**WHAT YOU NEED TO DO**
Nothing should be output except the lines from the top of the material below through the line that contains "Autumn Patterns Pocket", each exactly as written.

**SOURCE RECORDS**
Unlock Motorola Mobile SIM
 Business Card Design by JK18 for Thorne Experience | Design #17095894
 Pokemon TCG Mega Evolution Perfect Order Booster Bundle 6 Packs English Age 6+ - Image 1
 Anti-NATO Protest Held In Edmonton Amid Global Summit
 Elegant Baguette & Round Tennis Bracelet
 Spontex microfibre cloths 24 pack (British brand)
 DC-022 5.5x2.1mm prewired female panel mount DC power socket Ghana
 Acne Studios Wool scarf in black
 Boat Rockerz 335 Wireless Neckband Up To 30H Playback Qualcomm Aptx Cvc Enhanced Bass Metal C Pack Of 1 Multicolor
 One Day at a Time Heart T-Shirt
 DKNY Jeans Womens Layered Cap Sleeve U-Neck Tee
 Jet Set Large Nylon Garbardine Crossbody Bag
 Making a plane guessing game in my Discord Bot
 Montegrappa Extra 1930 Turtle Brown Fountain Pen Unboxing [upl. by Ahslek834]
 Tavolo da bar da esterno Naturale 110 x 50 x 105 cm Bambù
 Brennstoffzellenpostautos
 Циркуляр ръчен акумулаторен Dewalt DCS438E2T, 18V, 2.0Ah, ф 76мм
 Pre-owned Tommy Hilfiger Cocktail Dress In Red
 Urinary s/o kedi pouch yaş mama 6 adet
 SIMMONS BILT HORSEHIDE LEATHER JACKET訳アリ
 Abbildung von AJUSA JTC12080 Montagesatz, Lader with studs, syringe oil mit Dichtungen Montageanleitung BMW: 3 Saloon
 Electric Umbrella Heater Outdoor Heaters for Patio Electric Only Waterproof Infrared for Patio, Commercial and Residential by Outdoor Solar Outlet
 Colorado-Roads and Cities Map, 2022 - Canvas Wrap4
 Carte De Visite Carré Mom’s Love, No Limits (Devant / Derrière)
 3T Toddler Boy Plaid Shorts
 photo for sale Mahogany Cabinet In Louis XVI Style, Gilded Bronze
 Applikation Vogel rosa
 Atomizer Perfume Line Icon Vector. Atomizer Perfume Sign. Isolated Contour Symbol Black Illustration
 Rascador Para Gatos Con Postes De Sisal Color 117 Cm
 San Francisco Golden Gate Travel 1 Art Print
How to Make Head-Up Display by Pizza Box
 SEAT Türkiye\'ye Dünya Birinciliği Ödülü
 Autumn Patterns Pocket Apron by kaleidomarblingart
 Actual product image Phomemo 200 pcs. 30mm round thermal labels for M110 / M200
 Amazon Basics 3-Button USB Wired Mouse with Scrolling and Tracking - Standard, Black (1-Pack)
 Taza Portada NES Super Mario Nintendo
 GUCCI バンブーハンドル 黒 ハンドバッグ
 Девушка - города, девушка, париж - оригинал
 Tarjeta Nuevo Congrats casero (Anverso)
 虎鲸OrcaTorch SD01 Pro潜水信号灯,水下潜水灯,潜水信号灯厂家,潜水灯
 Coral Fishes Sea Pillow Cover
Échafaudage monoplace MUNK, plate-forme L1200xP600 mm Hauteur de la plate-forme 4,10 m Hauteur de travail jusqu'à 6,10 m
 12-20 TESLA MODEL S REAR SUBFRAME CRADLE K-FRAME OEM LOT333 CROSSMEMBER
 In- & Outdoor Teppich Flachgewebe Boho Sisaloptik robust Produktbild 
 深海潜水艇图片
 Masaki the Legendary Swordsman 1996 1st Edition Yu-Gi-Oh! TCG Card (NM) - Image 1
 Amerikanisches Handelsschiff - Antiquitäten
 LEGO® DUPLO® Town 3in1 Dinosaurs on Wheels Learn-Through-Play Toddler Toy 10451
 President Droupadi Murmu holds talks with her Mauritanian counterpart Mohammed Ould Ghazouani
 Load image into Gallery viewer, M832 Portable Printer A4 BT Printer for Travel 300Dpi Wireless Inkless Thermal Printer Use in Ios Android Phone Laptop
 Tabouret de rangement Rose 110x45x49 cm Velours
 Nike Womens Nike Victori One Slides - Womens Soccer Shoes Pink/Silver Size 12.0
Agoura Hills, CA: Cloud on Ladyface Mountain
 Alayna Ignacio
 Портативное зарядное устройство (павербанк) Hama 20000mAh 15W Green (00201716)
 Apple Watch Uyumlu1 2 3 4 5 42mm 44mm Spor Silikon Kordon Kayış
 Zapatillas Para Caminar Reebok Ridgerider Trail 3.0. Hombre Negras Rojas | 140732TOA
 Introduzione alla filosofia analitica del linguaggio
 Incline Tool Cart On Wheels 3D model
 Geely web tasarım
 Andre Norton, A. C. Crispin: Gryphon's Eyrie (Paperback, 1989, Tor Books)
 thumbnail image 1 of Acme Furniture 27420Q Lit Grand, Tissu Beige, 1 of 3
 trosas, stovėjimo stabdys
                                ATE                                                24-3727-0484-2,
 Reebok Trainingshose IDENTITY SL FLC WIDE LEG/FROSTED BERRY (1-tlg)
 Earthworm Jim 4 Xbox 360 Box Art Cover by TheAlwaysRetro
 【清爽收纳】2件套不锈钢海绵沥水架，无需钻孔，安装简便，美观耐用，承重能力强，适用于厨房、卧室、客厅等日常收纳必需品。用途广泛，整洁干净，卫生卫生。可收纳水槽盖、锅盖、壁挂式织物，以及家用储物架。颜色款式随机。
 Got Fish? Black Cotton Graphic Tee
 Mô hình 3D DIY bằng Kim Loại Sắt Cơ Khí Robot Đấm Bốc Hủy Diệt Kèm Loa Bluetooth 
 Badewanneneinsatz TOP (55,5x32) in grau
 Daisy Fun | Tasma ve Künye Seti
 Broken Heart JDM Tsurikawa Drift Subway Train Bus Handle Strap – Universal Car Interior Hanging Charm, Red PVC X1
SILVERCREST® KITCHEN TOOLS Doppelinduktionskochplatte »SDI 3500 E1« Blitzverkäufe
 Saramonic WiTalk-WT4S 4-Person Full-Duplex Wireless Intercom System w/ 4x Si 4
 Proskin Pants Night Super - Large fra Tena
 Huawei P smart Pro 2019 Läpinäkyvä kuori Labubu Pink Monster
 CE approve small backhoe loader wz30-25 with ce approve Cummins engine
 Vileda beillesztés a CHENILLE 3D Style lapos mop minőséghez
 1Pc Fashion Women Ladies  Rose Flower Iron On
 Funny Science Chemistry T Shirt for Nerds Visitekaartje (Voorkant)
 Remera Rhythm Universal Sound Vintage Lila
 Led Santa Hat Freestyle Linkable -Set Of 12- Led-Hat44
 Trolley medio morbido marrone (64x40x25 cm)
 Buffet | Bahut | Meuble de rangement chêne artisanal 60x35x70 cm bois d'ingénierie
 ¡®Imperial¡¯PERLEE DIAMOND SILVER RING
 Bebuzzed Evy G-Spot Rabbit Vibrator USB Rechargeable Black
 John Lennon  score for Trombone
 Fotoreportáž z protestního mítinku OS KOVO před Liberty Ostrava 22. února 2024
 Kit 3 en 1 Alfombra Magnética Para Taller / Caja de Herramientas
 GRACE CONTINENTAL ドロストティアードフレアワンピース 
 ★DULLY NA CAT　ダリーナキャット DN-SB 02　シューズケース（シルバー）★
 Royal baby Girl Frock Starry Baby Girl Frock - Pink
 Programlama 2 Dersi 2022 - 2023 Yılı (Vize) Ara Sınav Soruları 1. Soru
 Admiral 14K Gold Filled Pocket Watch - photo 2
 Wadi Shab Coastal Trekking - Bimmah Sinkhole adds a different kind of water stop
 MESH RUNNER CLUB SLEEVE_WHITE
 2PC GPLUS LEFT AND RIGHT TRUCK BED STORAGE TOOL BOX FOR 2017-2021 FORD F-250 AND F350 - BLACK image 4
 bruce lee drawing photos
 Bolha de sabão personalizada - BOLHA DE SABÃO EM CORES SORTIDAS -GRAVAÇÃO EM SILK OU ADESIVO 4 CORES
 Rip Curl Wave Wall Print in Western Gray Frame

**TASK RESULT**
Unlock Motorola Mobile SIM
 Business Card Design by JK18 for Thorne Experience | Design #17095894
 Pokemon TCG Mega Evolution Perfect Order Booster Bundle 6 Packs English Age 6+ - Image 1
 Anti-NATO Protest Held In Edmonton Amid Global Summit
 Elegant Baguette & Round Tennis Bracelet
 Spontex microfibre cloths 24 pack (British brand)
 DC-022 5.5x2.1mm prewired female panel mount DC power socket Ghana
 Acne Studios Wool scarf in black
 Boat Rockerz 335 Wireless Neckband Up To 30H Playback Qualcomm Aptx Cvc Enhanced Bass Metal C Pack Of 1 Multicolor
 One Day at a Time Heart T-Shirt
 DKNY Jeans Womens Layered Cap Sleeve U-Neck Tee
 Jet Set Large Nylon Garbardine Crossbody Bag
 Making a plane guessing game in my Discord Bot
 Montegrappa Extra 1930 Turtle Brown Fountain Pen Unboxing [upl. by Ahslek834]
 Tavolo da bar da esterno Naturale 110 x 50 x 105 cm Bambù
 Brennstoffzellenpostautos
 Циркуляр ръчен акумулаторен Dewalt DCS438E2T, 18V, 2.0Ah, ф 76мм
 Pre-owned Tommy Hilfiger Cocktail Dress In Red
 Urinary s/o kedi pouch yaş mama 6 adet
 SIMMONS BILT HORSEHIDE LEATHER JACKET訳アリ
 Abbildung von AJUSA JTC12080 Montagesatz, Lader with studs, syringe oil mit Dichtungen Montageanleitung BMW: 3 Saloon
 Electric Umbrella Heater Outdoor Heaters for Patio Electric Only Waterproof Infrared for Patio, Commercial and Residential by Outdoor Solar Outlet
 Colorado-Roads and Cities Map, 2022 - Canvas Wrap4
 Carte De Visite Carré Mom’s Love, No Limits (Devant / Derrière)
 3T Toddler Boy Plaid Shorts
 photo for sale Mahogany Cabinet In Louis XVI Style, Gilded Bronze
 Applikation Vogel rosa
 Atomizer Perfume Line Icon Vector. Atomizer Perfume Sign. Isolated Contour Symbol Black Illustration
 Rascador Para Gatos Con Postes De Sisal Color 117 Cm
 San Francisco Golden Gate Travel 1 Art Print
How to Make Head-Up Display by Pizza Box
 SEAT Türkiye\'ye Dünya Birinciliği Ödülü
 Autumn Patterns Pocket Apron by kaleidomarblingart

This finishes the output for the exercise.